A simple Naieve Bayes classifier for identifying spam and non-spam (ham) emails.
The myclassifer.py file contains my solution and the spam classifier.py implements it using the testing and training files.
-
Classifier that can be instantiated and trained to linearly seperate between two classes with an approximate 88.6% accuracy (according to tests on hidden assessment data)
-
Used log of probabilities to maintain precision for small probabilities, and to increase performance by allowing for multiplication to be transformed into addition
-
Used laplace smoothing to handle the problem of zero data producing zero probabilities
This project was developed as a solution for a CM10310 Artificial Intelligence coursework, and has been my first attempt at using Naieve Bayes.
One limitation of this was that I was unaware of the hidden test data that would be used and so did not focus on optimising the data set, which may have improved performance.

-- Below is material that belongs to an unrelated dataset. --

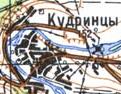 Topographic map of Kudryntsi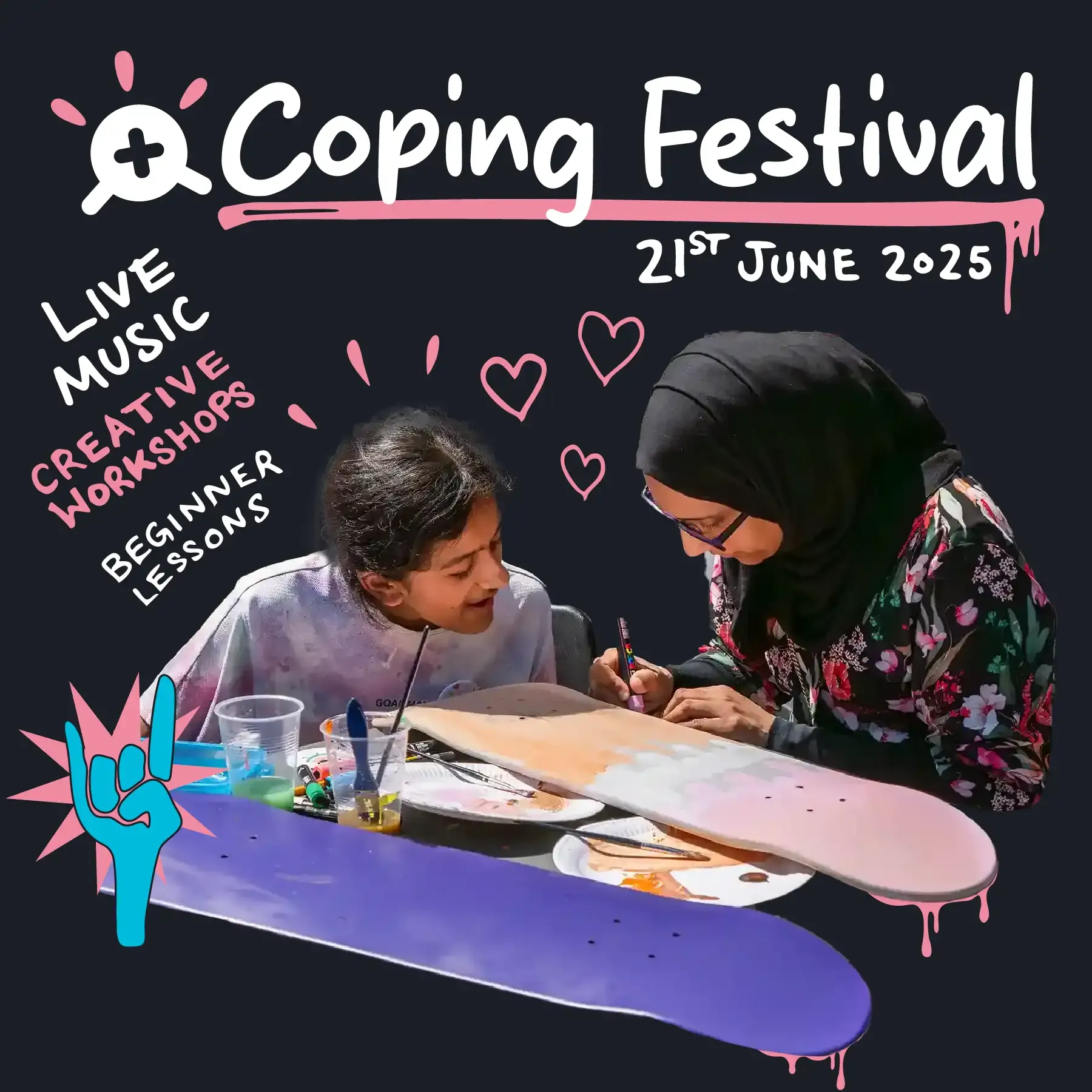 A woman and a daughter draw on a skateboard together with paint pens, text reads - creative workshops, take time to reflect with your family and friends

The feedback on this coursework estimated the accuracy with extra hidden data to be around 88.6%.
Python 3 is all that is required to run the code and there are no extrenal libraries used accept numpy which is part of the standard library.
Given the accuracy of the classifier and simplistic nature of the test data provided, it is unlikely this project will prove useful as an actual spam email classifer.
However, the purpose of this project was to develop a Naieve Bayes Classifier from scratch with no external libraries and as such it may be helpful for understanding a simple implementation of Naieve Bayes.
For sufficiently simple problems for linear sepeartion, the code may be adapted to be helpful.
-
Explore parallelization of calculations
This is a common improvement to Naieve Bayes to improve performance and may be an interesting challenge.
This solution was developed for a coursework from the University of Bath.
They developed the spam classifier.py and training files, as well as a small section of skeleton code.